Ses ouvriers, une dizaine, fabriquaient toute la série de mesures disponibles, depuis l’hectolitre jusqu’au décilitre. La production partait partout en France « jusqu’aux colonies, au Maroc, dans les coopératives agricoles, dans les magasins comme les confiseurs pour garnir de bonbons. Des hectolitres pour mesurer les noix, des tamis pour les maçons ». Ils fabriquaient aussi des cerceaux, des tambourins ou des séries de petites mesures pour apprendre aux enfants les capacités pour les écoles.

Le bois de hêtre employé pour la confection des boisseaux provenait des Vosges, mais le travail ne se faisait plus à la « plane » ou au « trusquin » comme autrefois, mais avec un matériel plus moderne qui permettait d'augmenter la production.

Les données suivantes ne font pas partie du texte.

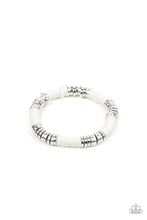 Load image into Gallery viewer, Stacked In Your Favor - White Stretchy Bracelet Paparazzi Accessories
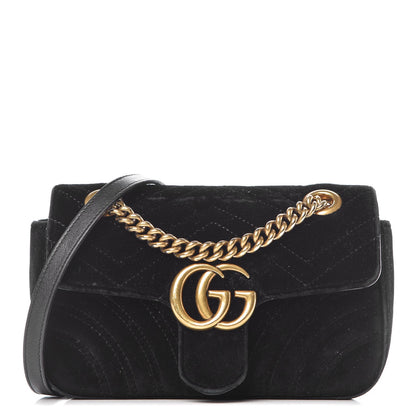 Gucci Velvet Matelasse Mini GG Marmont Shoulder Bag Black 1 of 12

Poitiers : le dernier boisselier
1971 - 03:51 - vidéo

Le boisselier d'Embort

L'archive suivante présente l'un des derniers boisseliers d'Auvergne en 1972. Ce maître boisselier s'était spécialisé dans les récipients contenant du lait. On l'appelait la « gerle » (Cantal) ou la « baste » (Puy-de-Dôme). Il fabriquait aussi des « bacholes » pour les vendanges, des bacs à fleurs... Il utilisait plusieurs essences de bois, différentes selon les récipients : le sapin, le châtaignier, le chêne et pour le moule à fromage, le hêtre.

Il se montrait confiant mais aussi fataliste dans l'avenir : « Je suppose qu’il y en aura toujours [des boisseliers], mais ça pourrait disparaître ».